ISRAEL: Schools incubating anti-Christian attitudes

The Church of Loaves and Fishes in Tabgha, Galilee, Israel, following the June 2015 arson attack (Credit: Latin Patriarchate of Jerusalem)
The Church of Loaves and Fishes in Tabgha, Galilee, Israel, following the June 2015 arson attack (Credit: Latin Patriarchate of Jerusalem)

Bishops in Israel have claimed that bigoted attitudes endemic in the country’s schools could be responsible for a recent spate of anti-Christian attacks.

Speaking to Catholic charity Aid to the Church in Need (ACN), Auxiliary Bishop Giacinto-Boulos Marcuzzo of the Latin Patriarchate of Jerusalem, said the failure of the Israeli education system to promote plurality was threatening religious diversity in the Holy Land.

He said: “It is undoubtedly a question of education, and one that is caused by a more general problem of a certain cultural outlook, namely the refusal to accept the diversity of the other.”

On 11th February an incident in the Christian-majority town of Jish, northern Israel saw 100 car tyres slashed, as well as graffiti written in Hebrew on the walls of the town, that read: “Wake up, you Jews…Stop assimilating!”

Incidents include an attack on Armenian Apostolic Orthodox seminarians in Jerusalem’s Old City on 8th June 2019. They were targeted by three young Jewish extremists who spat on them, saying “Death to the Christians” and “We will wipe you out of this country”.

Bishop Marcuzzo said: “We are extremely concerned because the mutual acceptance of others in society is the only sound basis of every society, above all amid the very great ethnic, cultural, religious and political diversity of Israel and the Middle East.”

“Such an attitude undermines the very basis of the social cohesion and solidarity which are the foundation of every country.

“We are also concerned because this culture does not tend toward reconciliation and peace, which should be the primary goal of every country in the region.”

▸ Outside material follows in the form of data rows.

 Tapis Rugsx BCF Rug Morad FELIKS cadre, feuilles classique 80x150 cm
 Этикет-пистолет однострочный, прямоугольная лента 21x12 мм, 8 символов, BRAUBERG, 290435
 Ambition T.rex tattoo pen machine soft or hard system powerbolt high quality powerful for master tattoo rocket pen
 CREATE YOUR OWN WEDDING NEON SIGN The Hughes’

The Assembly of the Catholic Ordinaries of the Holy Land (AOCTS), representing Catholic Church leaders – both Roman Catholic and eastern Catholic – in the Holy Land, have also raised concerns about the Israeli education system.

In a 2012 message, calling on the authorities to address problems in the education system, AOCTS said: “What is happening today in Israeli society that the Christians should become the scapegoats and be targeted by these acts of violence?

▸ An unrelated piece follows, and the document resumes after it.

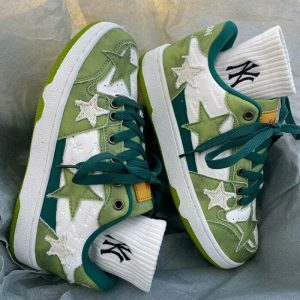 green star sneakers youthful & ecofriendly street kicks 8284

“What kind of teaching and contempt towards Christians is being taught in the schools? And why are those responsible never arrested or brought to trial?”

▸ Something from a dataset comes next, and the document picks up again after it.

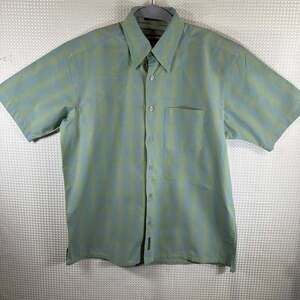 Guy Laroche Paris Mens Green Striped Button down Shirt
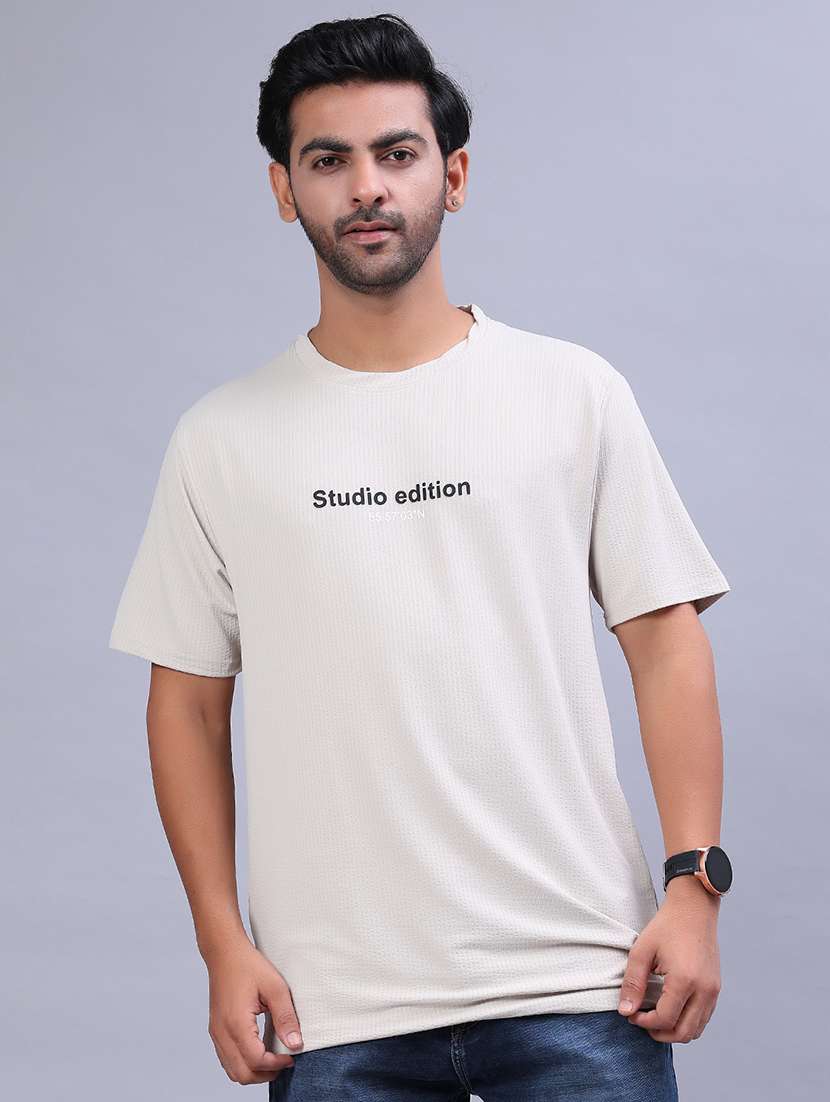 men chest print short sleeve regular fit t-shirt - 21961945 -  Standard Image - 1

They also requested “the educational system to be radically changed, for otherwise the same causes will [lead to] the same effects.”

But the AOCTS’s requests to discuss these issues with the authorities have been repeatedly turned down.

Bishop Marcuzzo said: “For over 10 years the AOCTS has been asking for a meeting with the relevant ministers or even the Prime Minister himself – but so far, nothing.”